Activision Blizzard employees will ultimately report to Phil Spencer as CEO

white Xbox logo floats over glitchy green “clouds” Illustration: James Bareham/Polygon
Maddy Myers has run Polygon’s games section since 2020 as deputy editor. She has worked in games journalism since 2007, at Kotaku, The Mary Sue, and the Boston Phoenix.

Microsoft plans to acquire Activision Blizzard, publisher of some of the most popular games on the planet (from World of Warcraft to Call of Duty), as well as the studios currently embroiled in multiple lawsuits related to accusations of gender discrimination in its workplace, the company announced Tuesday. Xbox boss Phil Spencer will serve as the CEO of Microsoft Gaming and oversee Activision Blizzard once the transaction is finalized.

The deal is worth $68.7 billion, Microsoft said, the largest acquisition in the company’s history.

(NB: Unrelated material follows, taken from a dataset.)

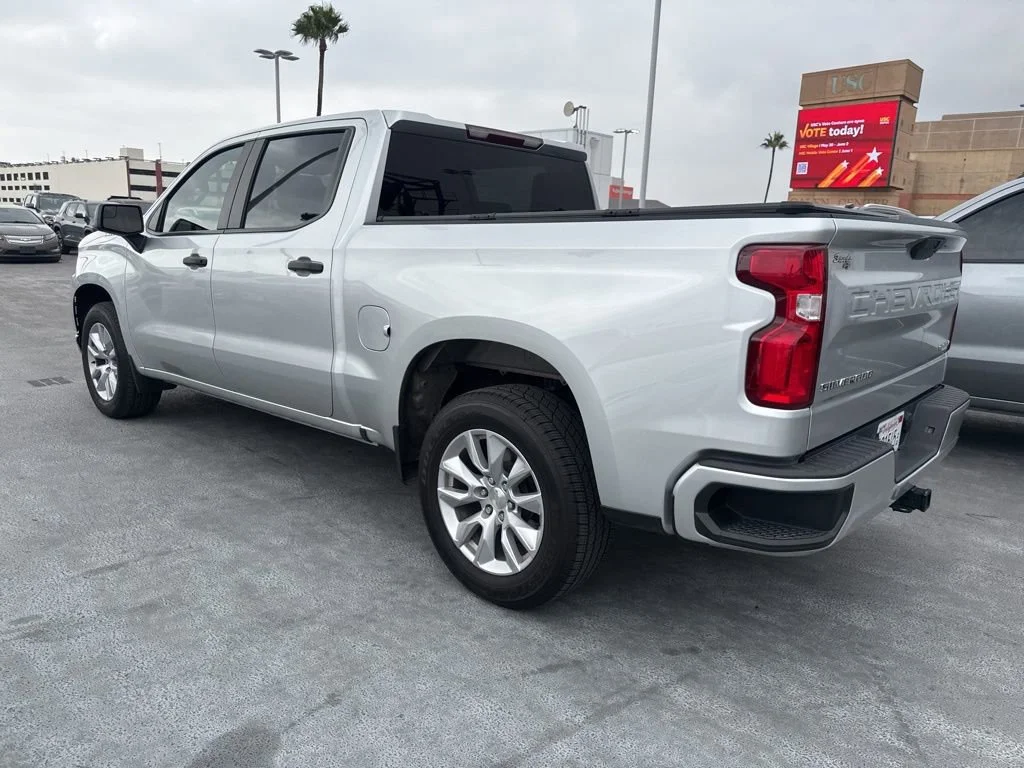 Used 2021 SILVER ICE METALLIC Chevrolet Custom image 6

In a blog post about the acquisition, Spencer said that Microsoft “will offer as many Activision Blizzard games as we can within Xbox Game Pass and PC Game Pass, both new titles and games from Activision Blizzard’s incredible catalog.”

As far as the discrimination lawsuits, Spencer’s blog post and the announcement post from Microsoft made no direct mention of the situation. However, Spencer’s post includes this paragraph about workplace culture: “As a company, Microsoft is committed to our journey for inclusion in every aspect of gaming, among both employees and players. We deeply value individual studio cultures. We also believe that creative success and autonomy go hand-in-hand with treating every person with dignity and respect. We hold all teams, and all leaders, to this commitment.”

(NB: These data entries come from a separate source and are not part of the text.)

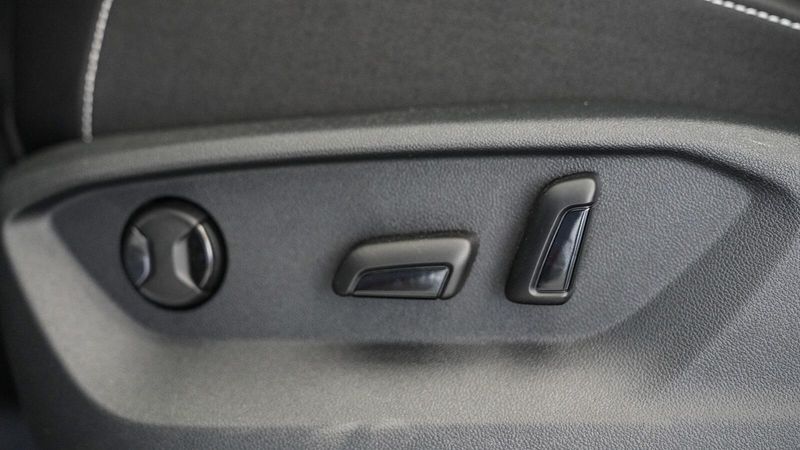 2025 Volkswagen Atlas 2.0T SE w/TechnologyImage 22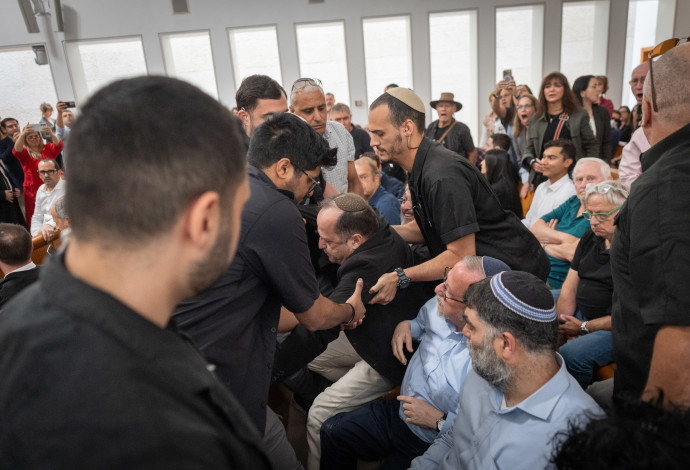 מהומה בבג"ץ פיטורי רונן בר (צילום:  חיים גולדברג, פלאש 90)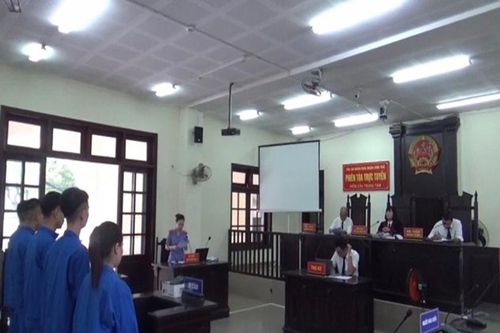 Phối hợp tổ chức phiên tòa rút kinh nghiệm và trình chiếu chứng cứ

Activision Blizzard is currently facing multiple lawsuits and federal investigations, as well as calls for its CEO, Bobby Kotick, to resign over serious allegations of sexual harassment and assault at the publisher and its studios, including Blizzard. Kotick will remain CEO of Activision Blizzard until Microsoft’s acquisition of the publisher closes, which is expected to complete in 2023, Kotick said in an email to employees.

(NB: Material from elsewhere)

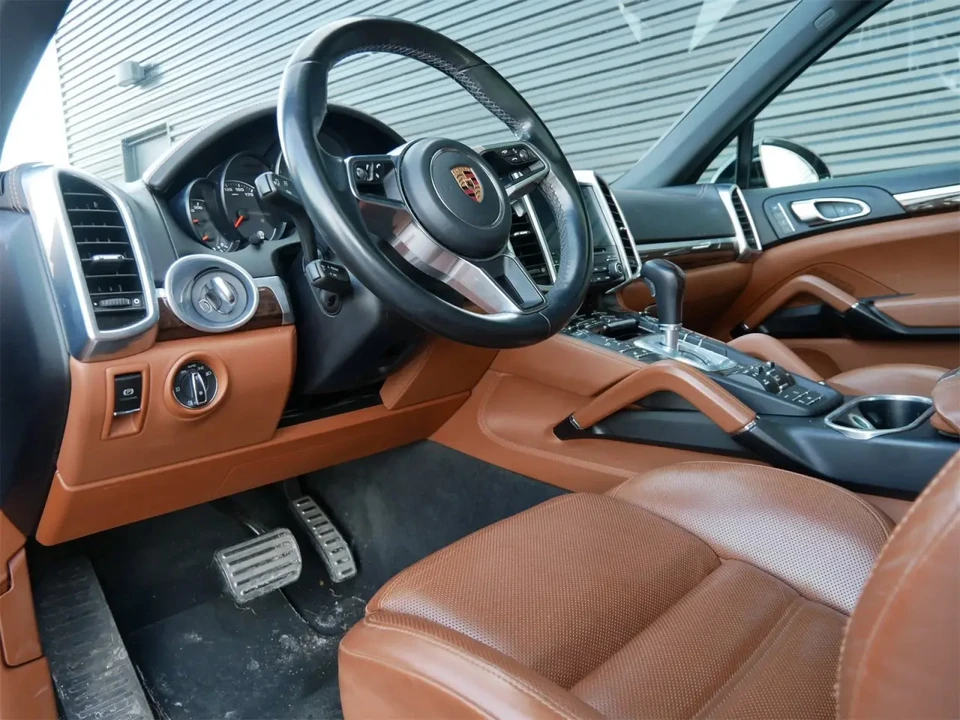 2018 Porsche 958 Cayenne S - Image 4 of 7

“Until we receive all the necessary regulatory approvals and other customary closing conditions are satisfied, which we expect to be sometime in Microsoft’s fiscal 2023 year ending June 30, 2023, we will continue to operate completely autonomously,” Kotick said. “I will continue as our CEO with the same passion and enthusiasm I had when I began this amazing journey in 1991.”

In November 2021, after more than 1,000 Activision Blizzard employees signed a letter calling for Bobby Kotick to resign, Phil Spencer said in an internal email obtained by Bloomberg that Microsoft was “evaluating all aspects of our relationship with Activision Blizzard and making ongoing proactive adjustments.” Apparently, that evaluation included an appraisal of Microsoft’s pocketbook, and the possibility that it could afford to purchase Activision Blizzard outright.

The deal will further extend Microsoft’s position in the games industry as a whole. Microsoft’s announcement outlines the huge scope of the purchase:

With Activision Blizzard’s nearly 400 million monthly active players in 190 countries and three billion-dollar franchises, this acquisition will make Game Pass one of the most compelling and diverse lineups of gaming content in the industry. Upon close, Microsoft will have 30 internal game development studios, along with additional publishing and esports production capabilities.

Microsoft’s acquisition of Activision Blizzard dwarfs the Xbox maker’s previous industry-changing and massive buyout of ZeniMax Media, parent company of Bethesda Softworks, for $7.5 billion in 2020. The addition of Activision Blizzard’s studios, which include multiple Call of Duty studios, mobile developer King, and the teams behind Diablo, Hearthstone, Overwatch, and World of Warcraft, will bring Xbox Game Studios’ number of internal studios to 30.